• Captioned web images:
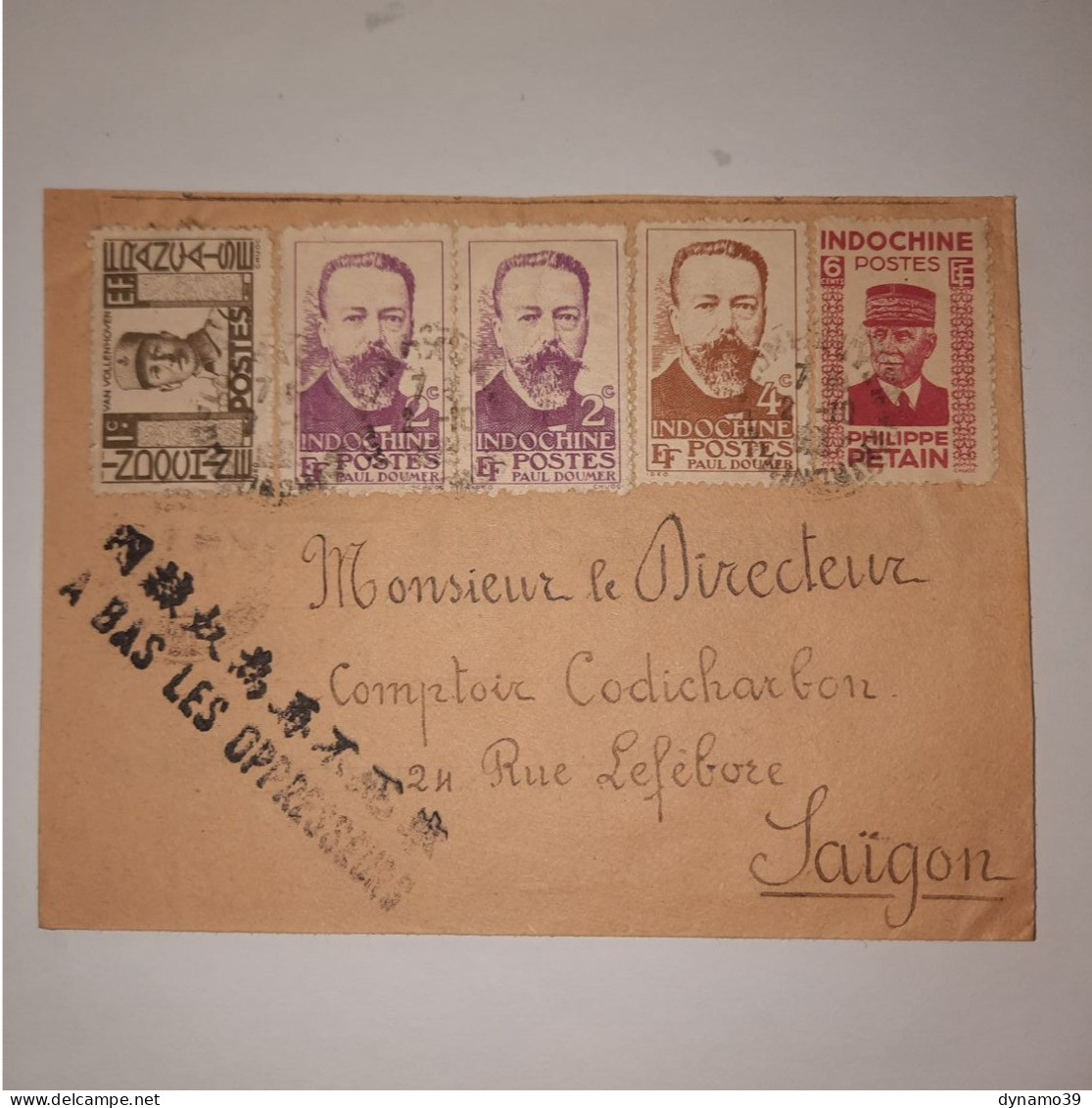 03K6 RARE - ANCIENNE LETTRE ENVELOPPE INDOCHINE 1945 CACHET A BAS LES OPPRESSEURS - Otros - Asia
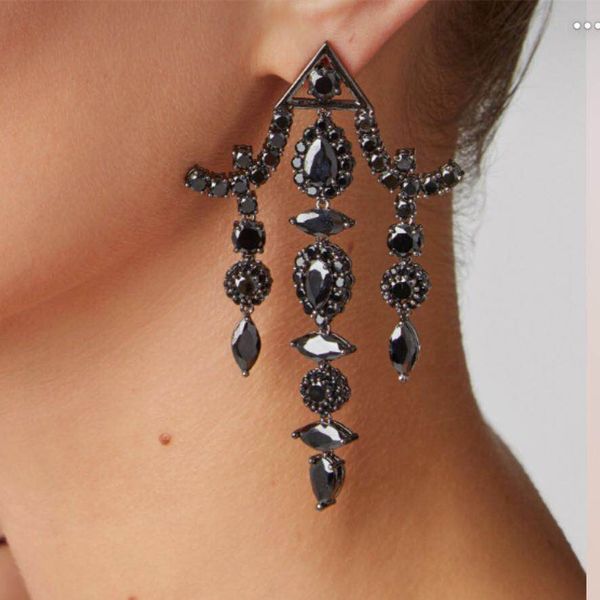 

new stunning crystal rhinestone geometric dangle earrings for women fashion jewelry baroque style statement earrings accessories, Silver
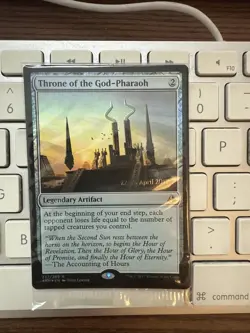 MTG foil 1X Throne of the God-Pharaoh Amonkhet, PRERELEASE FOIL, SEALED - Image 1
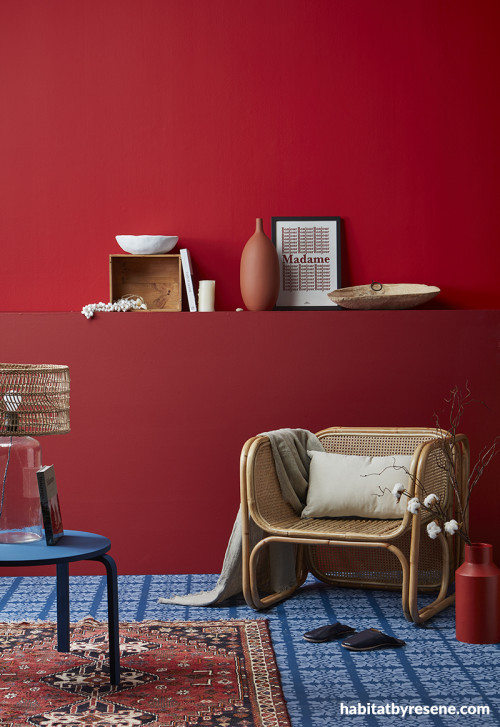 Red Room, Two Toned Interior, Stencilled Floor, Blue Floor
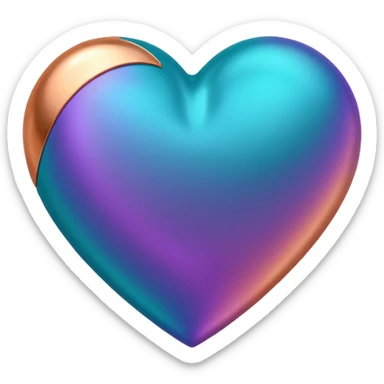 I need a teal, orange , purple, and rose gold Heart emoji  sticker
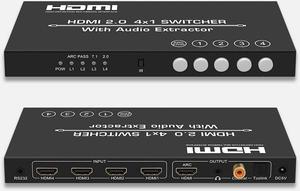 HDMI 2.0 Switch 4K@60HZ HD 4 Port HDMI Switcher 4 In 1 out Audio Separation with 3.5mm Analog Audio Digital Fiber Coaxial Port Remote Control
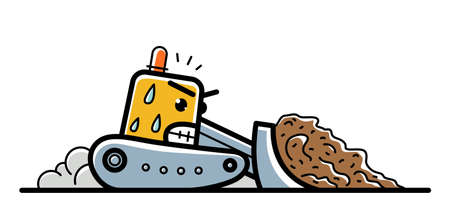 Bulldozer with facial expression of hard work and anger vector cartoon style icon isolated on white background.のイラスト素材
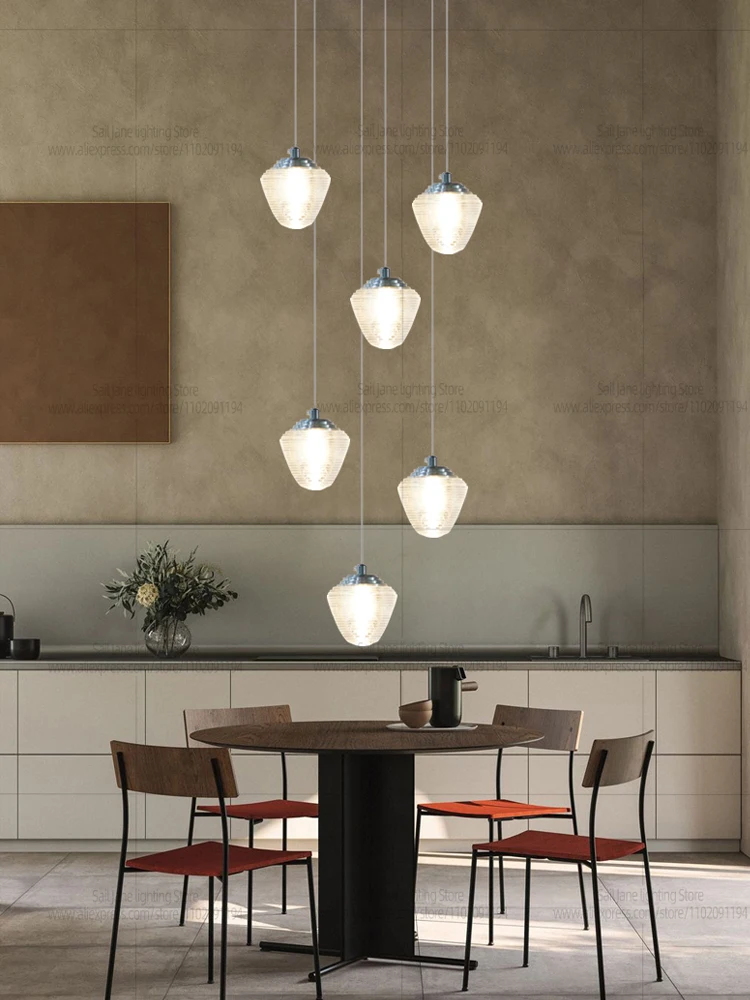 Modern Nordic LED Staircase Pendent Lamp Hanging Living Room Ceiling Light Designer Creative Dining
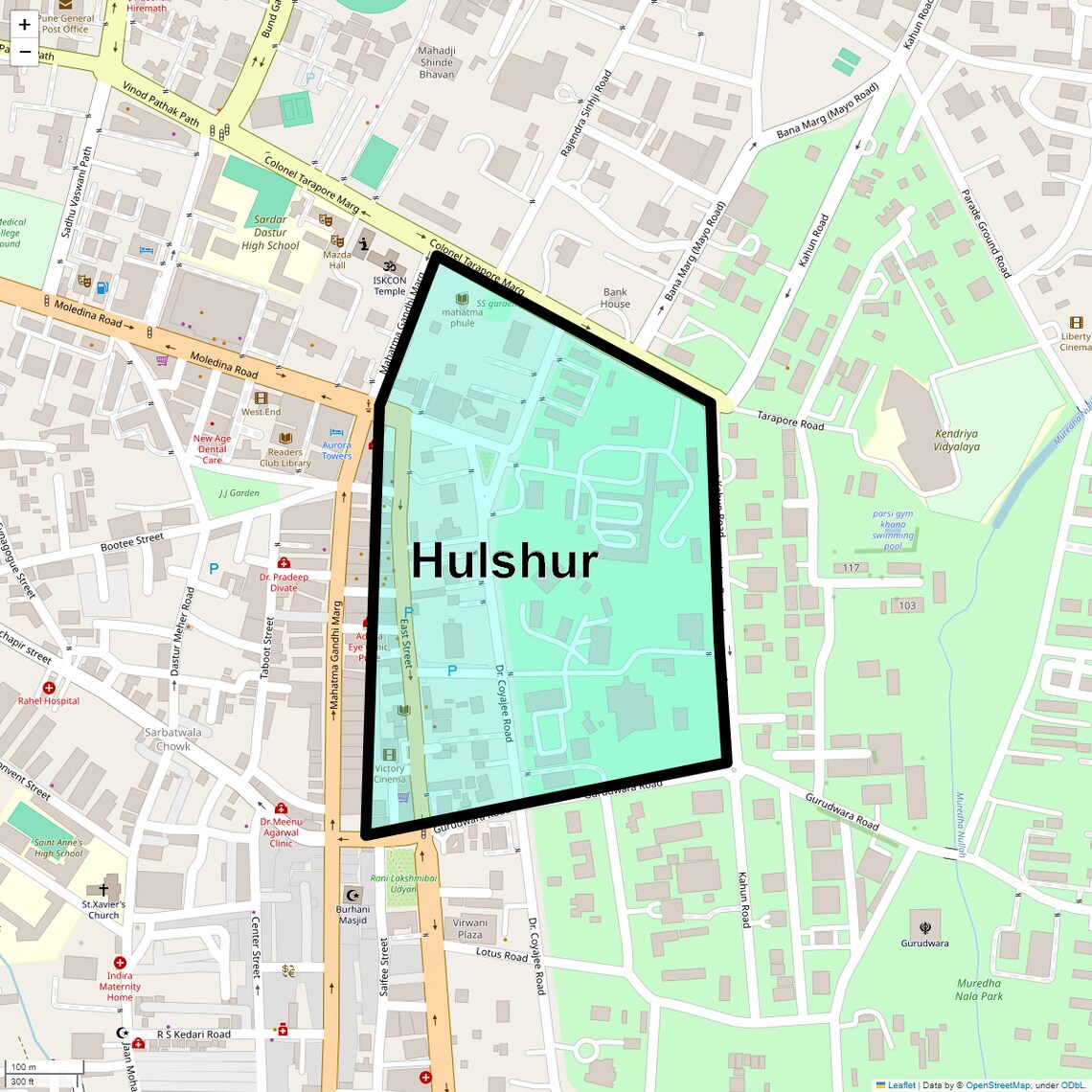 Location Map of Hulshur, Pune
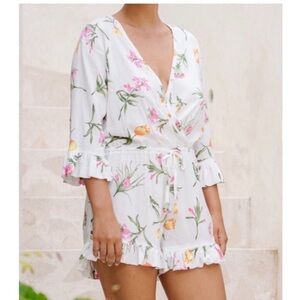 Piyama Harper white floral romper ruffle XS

• Work to be completed: Every line from the one that contains "I need a teal, orange" through the end of the records above is to be reproduced exactly; no picture goes in the copy.

• Written reply:
 I need a teal, orange , purple, and rose gold Heart emoji  sticker
 HDMI 2.0 Switch 4K@60HZ HD 4 Port HDMI Switcher 4 In 1 out Audio Separation with 3.5mm Analog Audio Digital Fiber Coaxial Port Remote Control
 Bulldozer with facial expression of hard work and anger vector cartoon style icon isolated on white background.のイラスト素材
 Modern Nordic LED Staircase Pendent Lamp Hanging Living Room Ceiling Light Designer Creative Dining
 Location Map of Hulshur, Pune
 Piyama Harper white floral romper ruffle XS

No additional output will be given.